● Extracted material:
____________
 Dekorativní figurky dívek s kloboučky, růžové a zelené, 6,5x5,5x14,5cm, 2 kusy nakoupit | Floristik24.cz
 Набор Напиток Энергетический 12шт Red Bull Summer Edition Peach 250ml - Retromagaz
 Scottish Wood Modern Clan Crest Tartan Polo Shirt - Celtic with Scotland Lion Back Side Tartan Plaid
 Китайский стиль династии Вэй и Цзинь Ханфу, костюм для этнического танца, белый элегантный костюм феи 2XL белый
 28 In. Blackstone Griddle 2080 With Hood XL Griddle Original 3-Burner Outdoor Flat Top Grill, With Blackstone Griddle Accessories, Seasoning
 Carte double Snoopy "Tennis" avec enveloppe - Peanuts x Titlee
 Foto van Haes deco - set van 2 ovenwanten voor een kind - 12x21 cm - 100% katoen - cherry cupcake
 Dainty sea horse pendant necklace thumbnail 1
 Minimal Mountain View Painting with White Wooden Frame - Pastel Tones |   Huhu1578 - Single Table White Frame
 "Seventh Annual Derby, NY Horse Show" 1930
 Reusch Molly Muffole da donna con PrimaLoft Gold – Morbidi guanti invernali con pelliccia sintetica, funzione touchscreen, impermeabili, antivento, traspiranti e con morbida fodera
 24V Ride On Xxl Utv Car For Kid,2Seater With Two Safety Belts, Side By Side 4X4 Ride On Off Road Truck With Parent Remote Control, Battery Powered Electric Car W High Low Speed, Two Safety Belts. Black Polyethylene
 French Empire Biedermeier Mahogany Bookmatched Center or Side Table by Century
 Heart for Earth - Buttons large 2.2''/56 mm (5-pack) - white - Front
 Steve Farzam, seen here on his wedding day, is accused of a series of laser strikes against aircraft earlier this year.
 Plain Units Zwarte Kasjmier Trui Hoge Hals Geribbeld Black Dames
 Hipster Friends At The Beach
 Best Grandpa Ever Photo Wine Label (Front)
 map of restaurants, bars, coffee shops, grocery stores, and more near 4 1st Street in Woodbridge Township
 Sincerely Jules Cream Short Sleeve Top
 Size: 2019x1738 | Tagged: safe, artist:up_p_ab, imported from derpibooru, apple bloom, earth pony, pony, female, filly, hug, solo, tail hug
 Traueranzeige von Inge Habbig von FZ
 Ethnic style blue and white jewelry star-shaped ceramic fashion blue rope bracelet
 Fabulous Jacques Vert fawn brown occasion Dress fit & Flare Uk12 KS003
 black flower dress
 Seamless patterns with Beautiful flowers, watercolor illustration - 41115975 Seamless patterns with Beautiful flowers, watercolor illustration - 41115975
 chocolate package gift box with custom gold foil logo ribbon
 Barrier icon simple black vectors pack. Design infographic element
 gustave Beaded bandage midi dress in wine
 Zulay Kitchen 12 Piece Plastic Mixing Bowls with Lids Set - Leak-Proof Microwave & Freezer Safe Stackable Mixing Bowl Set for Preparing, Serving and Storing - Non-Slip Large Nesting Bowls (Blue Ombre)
____________
● Problem:
Type the records out again. Match them exactly.

● Solution to this problem:
 Dekorativní figurky dívek s kloboučky, růžové a zelené, 6,5x5,5x14,5cm, 2 kusy nakoupit | Floristik24.cz
 Набор Напиток Энергетический 12шт Red Bull Summer Edition Peach 250ml - Retromagaz
 Scottish Wood Modern Clan Crest Tartan Polo Shirt - Celtic with Scotland Lion Back Side Tartan Plaid
 Китайский стиль династии Вэй и Цзинь Ханфу, костюм для этнического танца, белый элегантный костюм феи 2XL белый
 28 In. Blackstone Griddle 2080 With Hood XL Griddle Original 3-Burner Outdoor Flat Top Grill, With Blackstone Griddle Accessories, Seasoning
 Carte double Snoopy "Tennis" avec enveloppe - Peanuts x Titlee
 Foto van Haes deco - set van 2 ovenwanten voor een kind - 12x21 cm - 100% katoen - cherry cupcake
 Dainty sea horse pendant necklace thumbnail 1
 Minimal Mountain View Painting with White Wooden Frame - Pastel Tones |   Huhu1578 - Single Table White Frame
 "Seventh Annual Derby, NY Horse Show" 1930
 Reusch Molly Muffole da donna con PrimaLoft Gold – Morbidi guanti invernali con pelliccia sintetica, funzione touchscreen, impermeabili, antivento, traspiranti e con morbida fodera
 24V Ride On Xxl Utv Car For Kid,2Seater With Two Safety Belts, Side By Side 4X4 Ride On Off Road Truck With Parent Remote Control, Battery Powered Electric Car W High Low Speed, Two Safety Belts. Black Polyethylene
 French Empire Biedermeier Mahogany Bookmatched Center or Side Table by Century
 Heart for Earth - Buttons large 2.2''/56 mm (5-pack) - white - Front
 Steve Farzam, seen here on his wedding day, is accused of a series of laser strikes against aircraft earlier this year.
 Plain Units Zwarte Kasjmier Trui Hoge Hals Geribbeld Black Dames
 Hipster Friends At The Beach
 Best Grandpa Ever Photo Wine Label (Front)
 map of restaurants, bars, coffee shops, grocery stores, and more near 4 1st Street in Woodbridge Township
 Sincerely Jules Cream Short Sleeve Top
 Size: 2019x1738 | Tagged: safe, artist:up_p_ab, imported from derpibooru, apple bloom, earth pony, pony, female, filly, hug, solo, tail hug
 Traueranzeige von Inge Habbig von FZ
 Ethnic style blue and white jewelry star-shaped ceramic fashion blue rope bracelet
 Fabulous Jacques Vert fawn brown occasion Dress fit & Flare Uk12 KS003
 black flower dress
 Seamless patterns with Beautiful flowers, watercolor illustration - 41115975 Seamless patterns with Beautiful flowers, watercolor illustration - 41115975
 chocolate package gift box with custom gold foil logo ribbon
 Barrier icon simple black vectors pack. Design infographic element
 gustave Beaded bandage midi dress in wine
 Zulay Kitchen 12 Piece Plastic Mixing Bowls with Lids Set - Leak-Proof Microwave & Freezer Safe Stackable Mixing Bowl Set for Preparing, Serving and Storing - Non-Slip Large Nesting Bowls (Blue Ombre)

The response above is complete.